During an accounting period, a business will generate financial information.
At the period-end, you take this information and prepare an income statement.
The income statement is a report showing how the business performed during the period.
To do this, it shows income, expenses and profit.
At the same time, you prepare a balance sheet
To understand this report, it helps to see how it is formed.
How a Balance Sheet is Formed
When starting a business, the business owner may invest some of their own capital.
The business owner would deposit this money in the business’s bank account.
At the same time, the business owner may borrow money from a friend or relative.
The business owner would deposit this money in the bank, as well.
You could create a balance sheet, right here.

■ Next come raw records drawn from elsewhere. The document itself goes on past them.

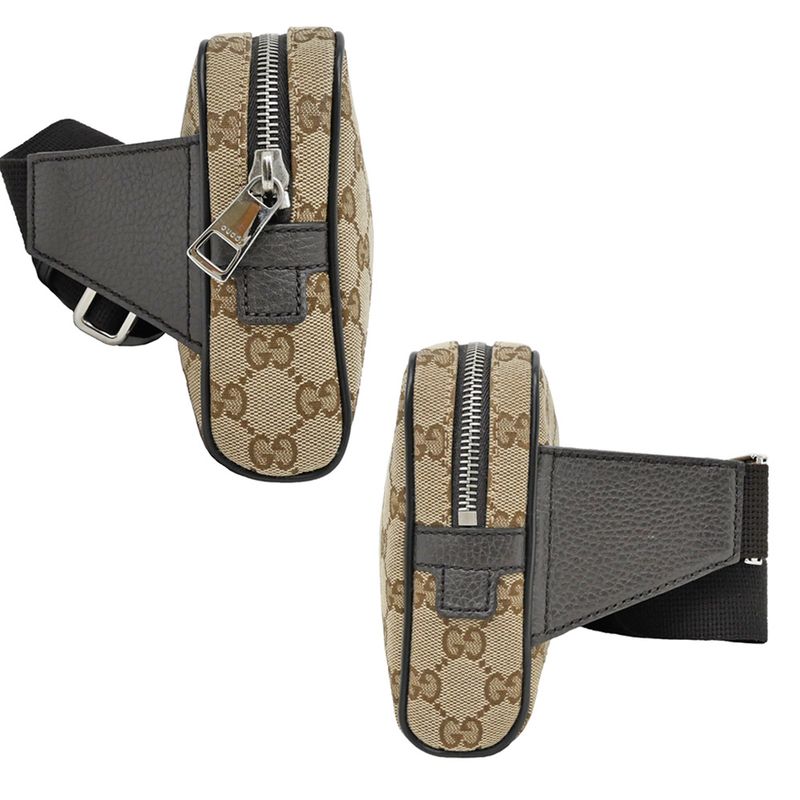 Gucci Waist Bag Body Beige Brown Silver Hardware GG Canvas — view 4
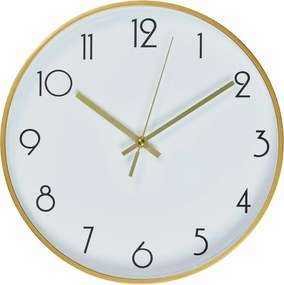 Falióra Konyha Nappaliba Fehér-Arany Analóg Kerek 30 cm LZE-23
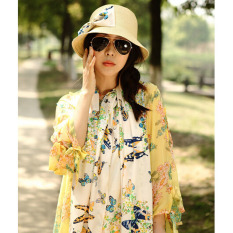 Fang Fang Hot Fashion Wanita Cantik Sifon Lembut Panjang Syal Selendang Selendang Scarves (Kupu-kupu Putih)-Intl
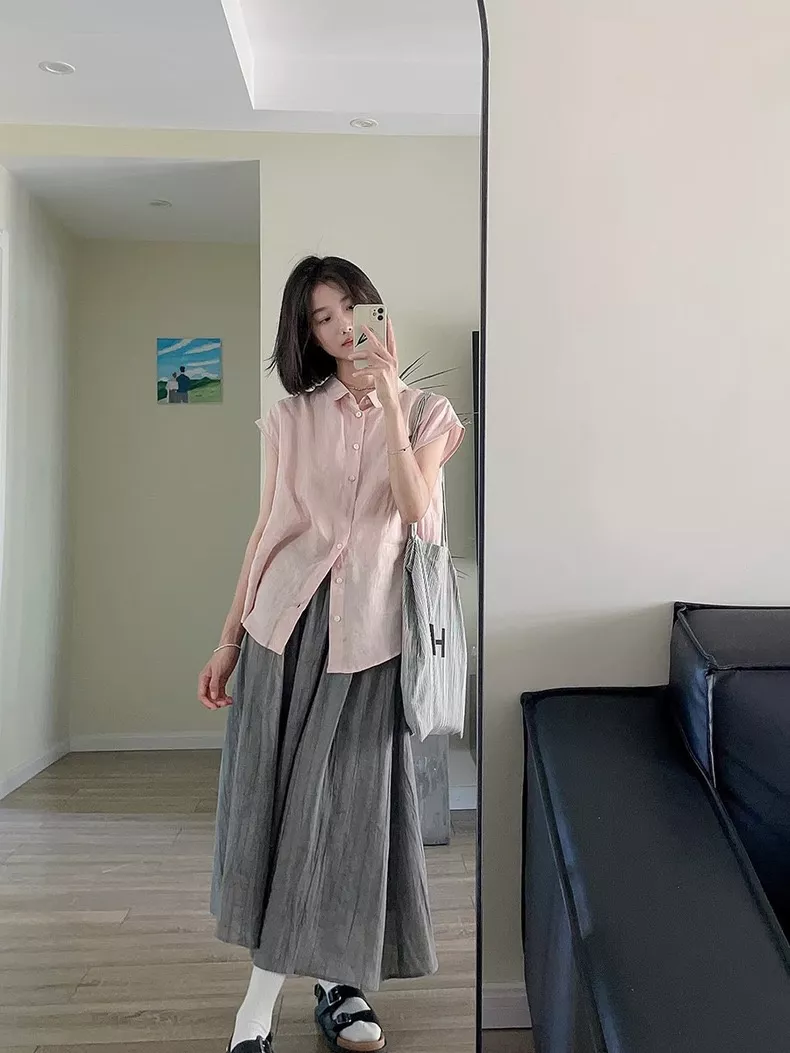 아이시클 린넨 플랫직조 슬리브리스 셔츠 상세 이미지 30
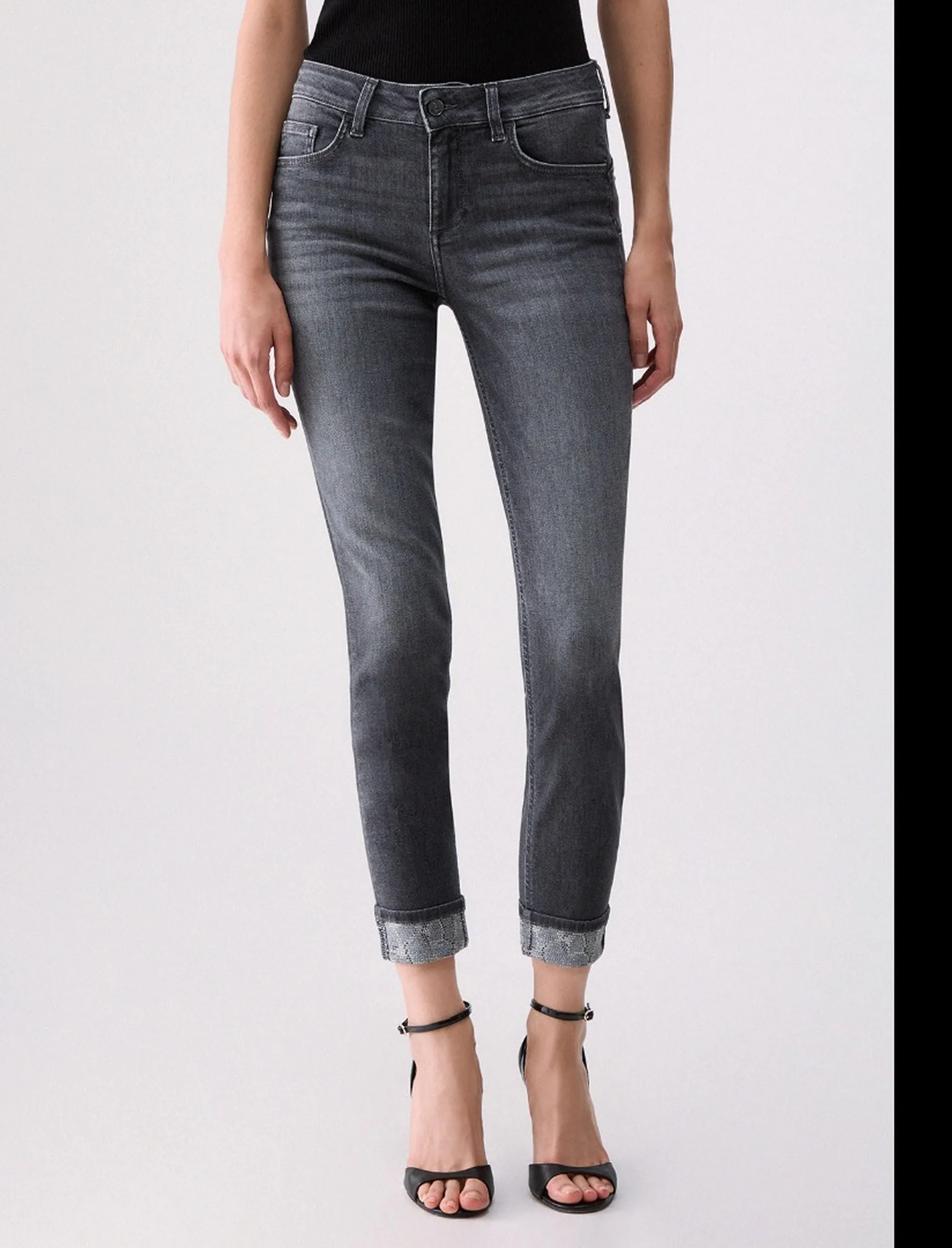 Liujo Denim B'Skinny Jeans With Appliques' Gray Denim Uf6006D0305 185488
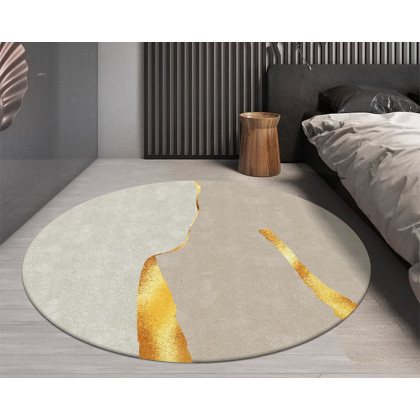 HMR Circular Modern & Creative & Light Luxury Khaki & Yellow Area Rug Nylon Rug - 7' x 7'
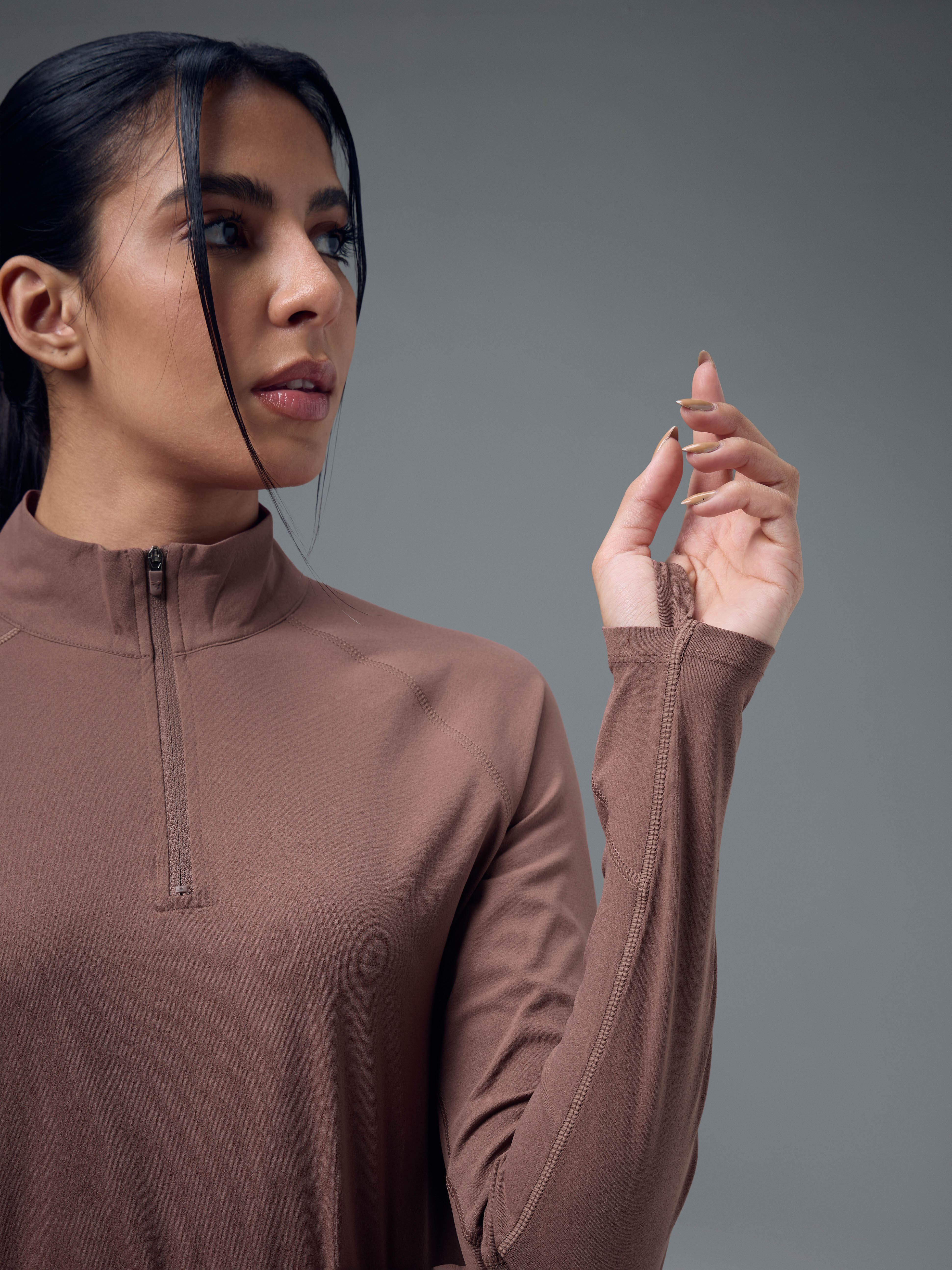 Women Slim Fit Mock Neck Thumbhole Sleeve Solid T-shirt with COTFLEX - Image 8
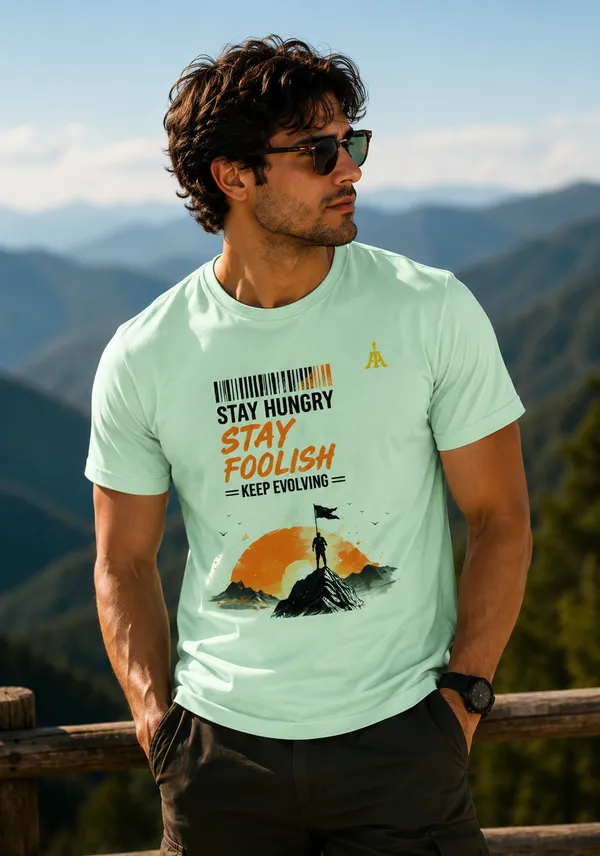 Sea_Green_Cotton_Printed_Round_Neck_T-Shirt_For_Men
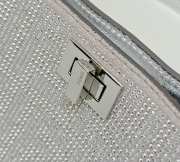 Uubags Fendi Peekaboo ISeeU mini silver leather bag with crystal FF motif 20x11x15cm - 4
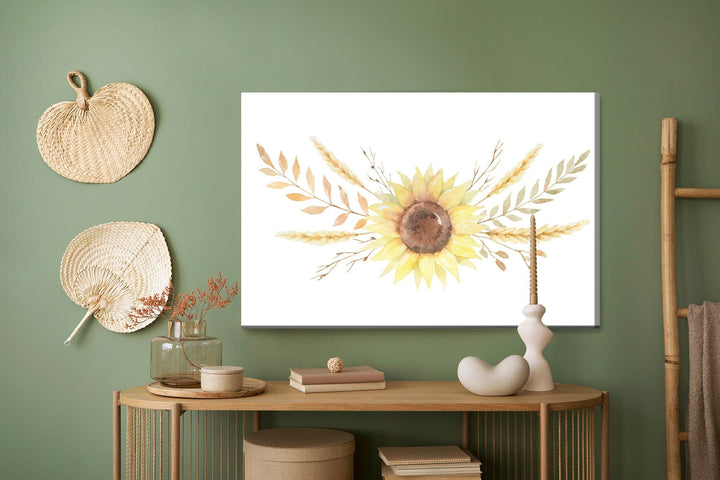 Kanva - Saulespuķe ar lapām un zariņiem, N-1701 X-ART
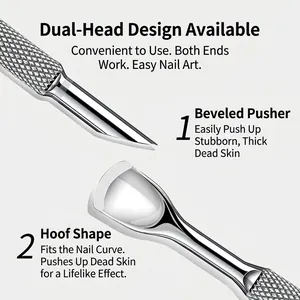 Double-ended stainless steel cuticle pusher with horseshoe-shaped and slanted tips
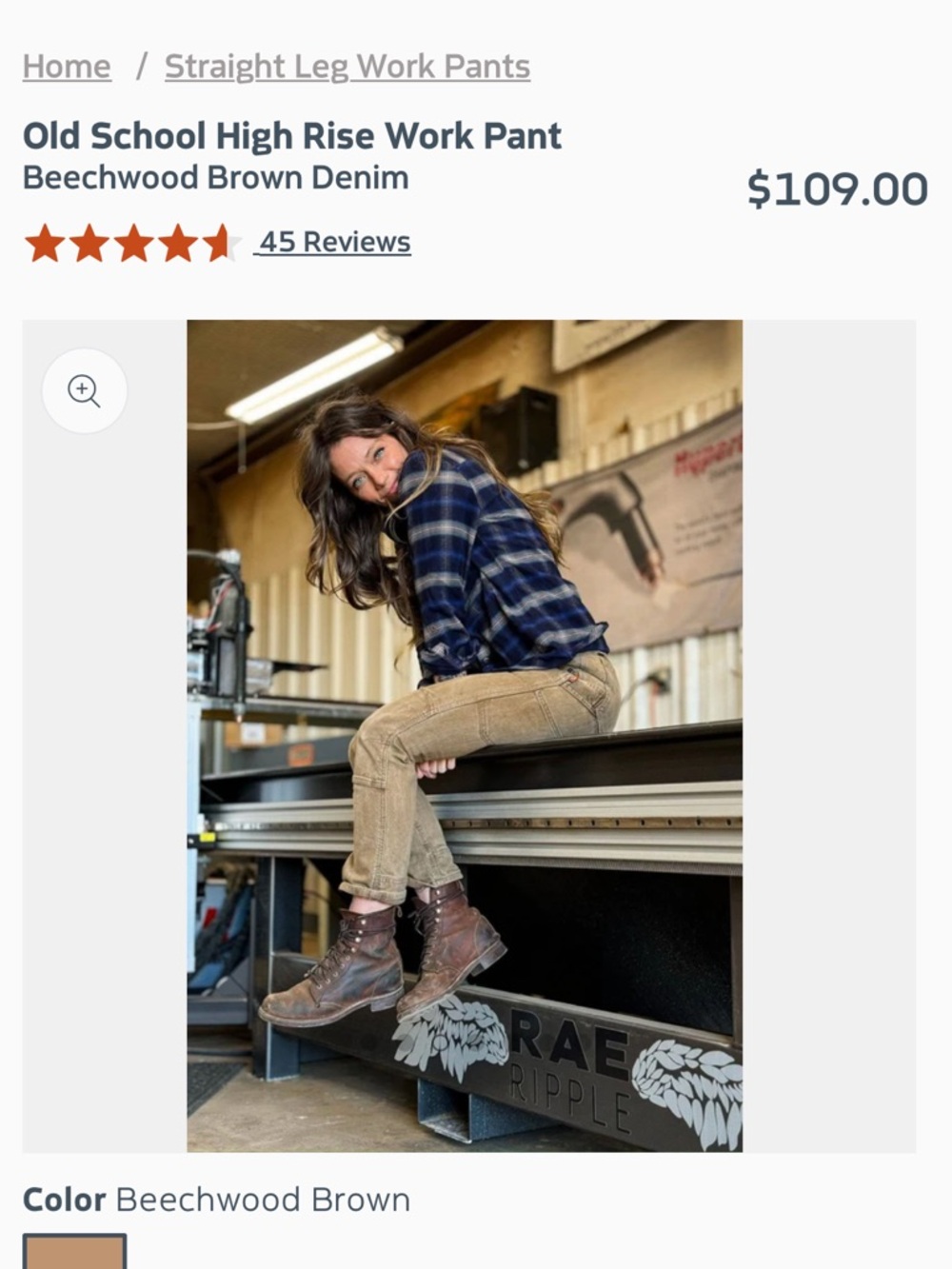 Dovetail old school high rise work pants
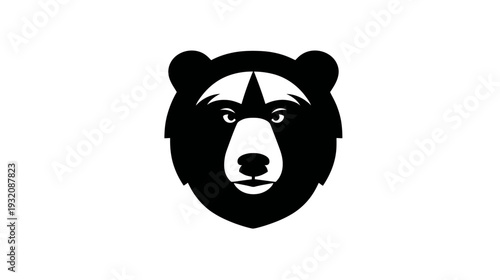 A stylized black and white bear head, facing forward with a white snout and a white marking on its forehead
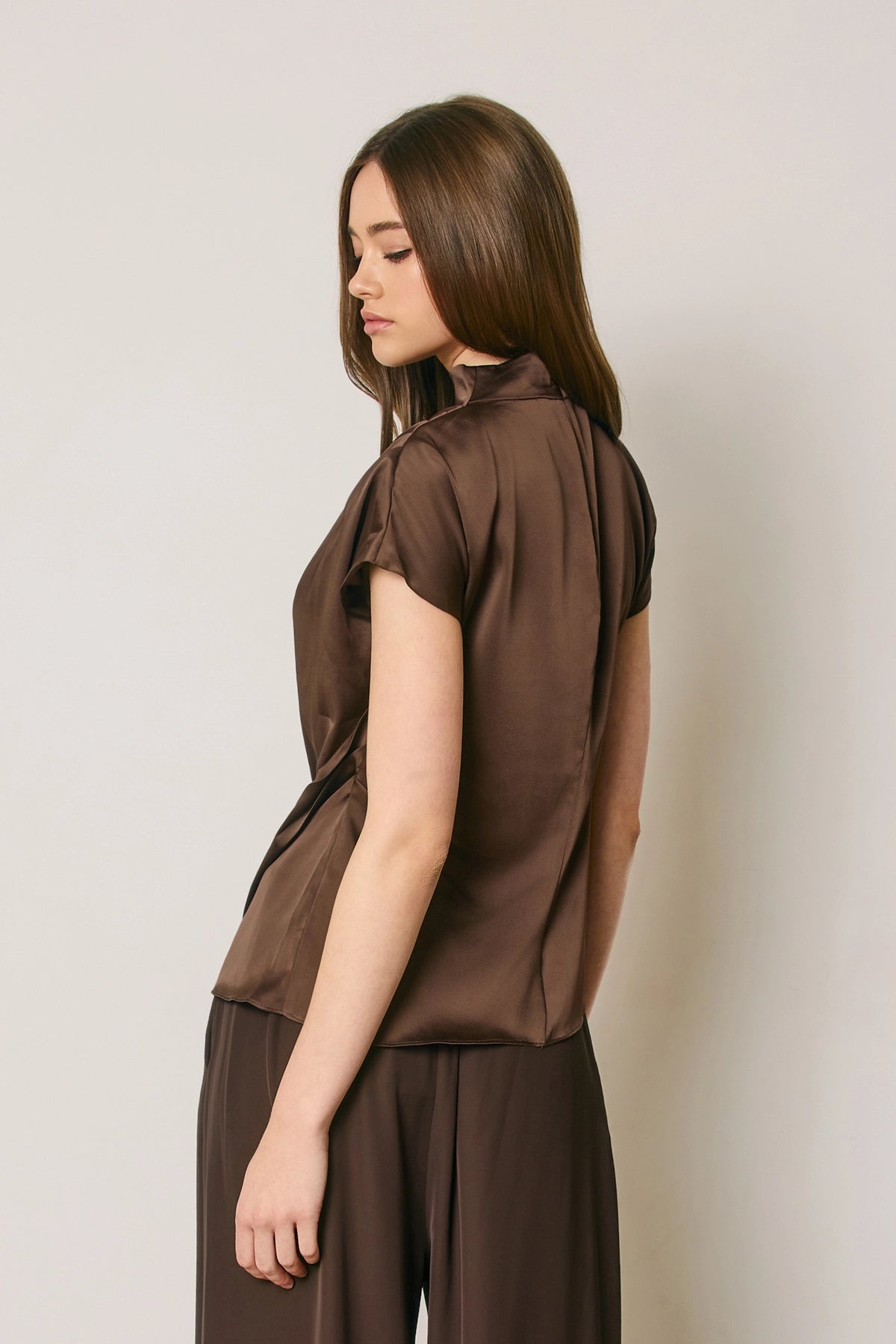 Draped Satin Mock Neck Blouse - Espresso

A balance sheet shows a business’s assets, liabilities, and equity.
It is usually prepared at period-end, but it can be prepared at any time,
No matter when it is prepared, it will provide a snap shot of what the business owns and what it owes at that point in time.
This is how you track changes in what the business owns or what is owed to it
It also allows you track changes in what is owed to others
This helps you keep track of how much money is now owed to the owner
Assets include cash, things owned, and money owed to the business.
This is the first thing to be shown on a balance sheet.
Cash held at the bank is known as a current asset.
Current assets are either cash or things that can be turned into cash with the coming year.
The balance sheet also shows liabilities.
Liabilities show money owed to others, for loans and so on.
On the balance sheet, they are shown in the liabilities & equity section
If the loan is a long term loan, you list it as a noncurrent liability.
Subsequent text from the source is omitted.